Zweitens kostet es viel Geld, alle paar Jahre den gesamten Kleiderschrank zu erneuern. Und drittens: «Wenn du etwas mehr Gewicht hast um die Hüfte, funktionieren Hosen mit mittlerer oder tiefer Taille nicht. Ich trage meine Jeans so hoch bis zu meinen Brüsten, wie ich will!», ärgert sich eine Nutzerin.
«Habe es satt, jedes Jahr neue Jeans zu kaufen»
Eine andere findet: «Ich habe es satt, jedes Jahr neue Jeans zu kaufen. Nur weil irgendeine trendige Generation sagt, was wir letztes Jahr gekauft hätten, sei out.»
Gibt es tatsächlich Kleidungsstücke, die im Jahr 2024 gar nicht mehr gehen – oder kann man alles irgendwie cool machen? Nau.ch hat mit dem Mode-Experten und selbsternannten Paradiesvogel Toni Kurz gesprochen.
Für den CEO des Berner Oberländer Modegeschäfts Outlet King ist klar: «Nur weil Skinny Jeans nicht mehr in sind, musst du sie nicht wegwerfen. Wenn sie dir noch gefallen, dann sei dir selber treu – das strahlt Selbstbewusstsein aus!» Er sieht sich mit seinen «extrem bunten» Anzügen als Vorbild.
«Man darf dazu stehen, dass man 30 oder älter ist»
Es komme zudem immer darauf an, wem man gefallen wolle. «Wenn man sich für die Generation Z anziehen will, würde ich von Skinny Jeans abraten. Aber ich finde, man darf dazu stehen, dass man 30 oder älter ist.»
Auch Kurz ist aufgefallen, dass im Netz viel Druck ausgeübt wird, regelmässig seinen Kleiderschrank zu erneuern. «Nach etwa zwei Jahren sind die meisten Trends vorbei, dann kommt wieder etwas Neues.»
Gerade in der Schweiz sei das ein Problem. «Uns geht es gut, wir haben das Geld, auf jeden Modetrend aufzuspringen.» Für ihn steht fest: «Den Leuten muss bewusst werden, wie viel Arbeit in einem einzelnen Kleidungsstück steckt, und das mehr wertschätzen.»

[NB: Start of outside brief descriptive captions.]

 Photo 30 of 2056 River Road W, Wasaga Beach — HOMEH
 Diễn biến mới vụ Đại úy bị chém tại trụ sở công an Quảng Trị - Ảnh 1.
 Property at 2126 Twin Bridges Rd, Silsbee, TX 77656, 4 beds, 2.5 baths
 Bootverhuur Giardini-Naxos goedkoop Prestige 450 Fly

Viele tragen Kleider nur ein einziges Mal
Ein verbreitetes Phänomen sei auch, dass viele Schweizerinnen und Schweizer Kleider bestellen und dann nur ein einziges Mal tragen. Das sieht der Mode-Experte im Berufsalltag: «Wir erhalten immer wieder Kleider zurückgeschickt, die offensichtlich draussen getragen wurden. Weil sie kein Geld dafür ausgeben wollen, versuchen sie frech, es als neu auszugeben und wieder zurückzusenden.»

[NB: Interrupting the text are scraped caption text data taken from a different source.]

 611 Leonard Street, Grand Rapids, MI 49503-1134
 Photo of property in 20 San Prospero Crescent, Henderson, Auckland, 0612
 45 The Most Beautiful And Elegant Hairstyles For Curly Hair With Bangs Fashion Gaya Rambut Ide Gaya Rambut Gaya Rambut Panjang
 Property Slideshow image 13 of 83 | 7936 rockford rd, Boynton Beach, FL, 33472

Gerade bei schnelllebigen Trends oder teuren Luxuslabels komme das häufig vor. «Manchmal werden die Kleider nur für Fotos getragen und wieder zurückgeschickt.»

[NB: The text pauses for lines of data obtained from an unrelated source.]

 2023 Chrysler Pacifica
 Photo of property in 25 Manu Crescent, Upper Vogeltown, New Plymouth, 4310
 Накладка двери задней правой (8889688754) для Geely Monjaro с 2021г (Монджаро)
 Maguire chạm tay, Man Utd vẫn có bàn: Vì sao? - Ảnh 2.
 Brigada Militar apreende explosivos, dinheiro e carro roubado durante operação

Auch hier fehle es vielen an Umweltbewusstsein. Kurz fordert deshalb: «Fragt euch vor dem Bestellen: Brauche ich das wirklich? Und seht euch die Grössentabellen gut an, so kann man viele Retouren vermeiden.»
Damit man seinen Kleiderschrank nicht ständig erneuern muss und trotzdem cool aussieht, hat Kurz ein paar Tipps. «Man sollte nur die Trends mitmachen, die einem wirklich gefallen. Und man sollte auf gute Qualität setzen, damit man die Kleider jahrelang tragen kann.»
Sogar Prinzessin Kate trägt noch Skinny Jeans
Fazit: Der Skinny-Jeans-Trend ist zwar vorbei, doch wem sie gefallen – bitte, unbedingt weiter tragen. Sogar die zukünftige Königin von Grossbritannien schwört auch 2023 noch darauf. Und was Kate Middleton trägt, ist oft rasend schnell ausverkauft.
Will man seine Skinny Jeans aber nun doch loswerden, rät Kurz: «Nicht wegschmeissen! Am besten verkauft man alte Kleider selbst auf dem Secondhand-Markt oder spendet sie.»